On avait repéré la série d’articles « Transvocalités » de Charles Wesley chez Manifesto XXI et on était bien contents quand il nous a proposé d’écrire quelque chose dans nos pages. Le résultat a pris la tournure inattendue d’une sorte d’auto-généalogie de son goût. C’est un exercice qui pourrait apparaître un peu vain dans l’absolu, mais il offre ici un point de vue privilégié sur un rapport à la musique que la critique musicale semble peiner à enregistrer, et qui est pourtant central dans les musiques électroniques et pop des dix dernières années. Ce rapport se construit dans le chassé-croisé entre une musique bruitiste et expérimentale qui s’est faite de plus en plus charnelle, une pop qui sort les piques et une techno-indus de plus en plus intimiste. En abordant ses écoutes à fleur de peau, Charles Welsey remet au centre un mode musical pornophonique qui nous apparaît d’un coup, comme un secret qui aurait toujours été caché en plein jour, et qui n’attendait que lui pour devenir aussi net. Toute quête de musique devient soudain fondamentalement érotique, en même temps qu’une manière d’éprouver son corps et de se transformer.

Lana, Taylor & Jack
Mitch Theriau

Si l’on peut faire remonter les racines du rock indépendant aux années 1960, par exemple aux expérimentations du Velvet Underground, son véritable acte de naissance se situe certainement au moment du punk.

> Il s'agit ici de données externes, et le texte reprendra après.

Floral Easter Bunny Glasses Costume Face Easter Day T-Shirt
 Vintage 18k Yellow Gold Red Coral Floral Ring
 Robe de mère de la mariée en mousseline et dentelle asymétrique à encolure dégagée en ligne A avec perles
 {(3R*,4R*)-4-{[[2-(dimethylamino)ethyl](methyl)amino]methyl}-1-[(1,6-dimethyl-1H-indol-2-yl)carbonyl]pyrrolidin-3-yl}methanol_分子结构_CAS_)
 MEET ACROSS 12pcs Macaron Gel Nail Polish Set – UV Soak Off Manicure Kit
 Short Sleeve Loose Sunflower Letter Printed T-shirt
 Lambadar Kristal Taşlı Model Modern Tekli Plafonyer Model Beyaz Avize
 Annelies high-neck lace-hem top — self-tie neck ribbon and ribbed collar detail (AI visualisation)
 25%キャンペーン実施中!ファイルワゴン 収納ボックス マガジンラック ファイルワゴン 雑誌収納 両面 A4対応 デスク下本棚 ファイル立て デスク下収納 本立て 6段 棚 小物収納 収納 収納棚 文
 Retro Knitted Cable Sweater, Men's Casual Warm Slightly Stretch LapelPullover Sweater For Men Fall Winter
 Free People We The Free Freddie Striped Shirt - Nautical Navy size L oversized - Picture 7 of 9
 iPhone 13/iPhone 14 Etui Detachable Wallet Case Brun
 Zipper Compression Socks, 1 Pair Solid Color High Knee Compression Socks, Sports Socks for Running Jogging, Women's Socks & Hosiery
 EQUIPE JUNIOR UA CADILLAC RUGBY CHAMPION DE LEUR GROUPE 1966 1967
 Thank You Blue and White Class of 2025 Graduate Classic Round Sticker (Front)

Après quelques péripéties et allers-retour des deux côtés de l’Atlantique, sa progéniture grunge se verra rebaptisée « alternative » quand des labels états-uniens plus riches (et néanmoins autonomes des majors) commenceront à signer des groupes comme Sonic Youth ou Dinosaur JR. Surtout issu des classes moyennes ou supérieures blanches, « l’indé » a par la suite dépassé son origine rock, pour se définir par son lien avec les pratiques de goût, de distinction et de « choix éclairé » de ses auditeur·ices (culture du disquaire et de la critique, collection, digging, rapport à l’Histoire, etc.). À partir du début des années 1990, la popularité d’une scène gravitant autour de cet univers a grandi et son assise sociale s’est peu à peu élargie (on pense à Fiona Apple, Björk ou PJ Harvey). Si l’on en croit le critique littéraire Mitch Theriau, ce mouvement d’ouverture s’est intensifié depuis les années 2000. C’est comme si l’esprit du rock indé se retrouvait maintenant assimilé partout, avec pour effet collatéral cette impression que l’époque se caractérise par son absence de son, ou plutôt par un son neutre, et même neutralisé, qui peut évoquer l’angoissante homogénéité de ce style mondialisé de décoration que l’on retrouve partout, des Airbnb aux coffee shops. Jack Antonoff, l’un des plus emblématiques producteurs des années 2010 -2020, a porté cette évolution. Cet essai originellement publié dans le magazine The Drift revient sur son parcours et cherche à définir son esthétique pour mieux cerner l’époque.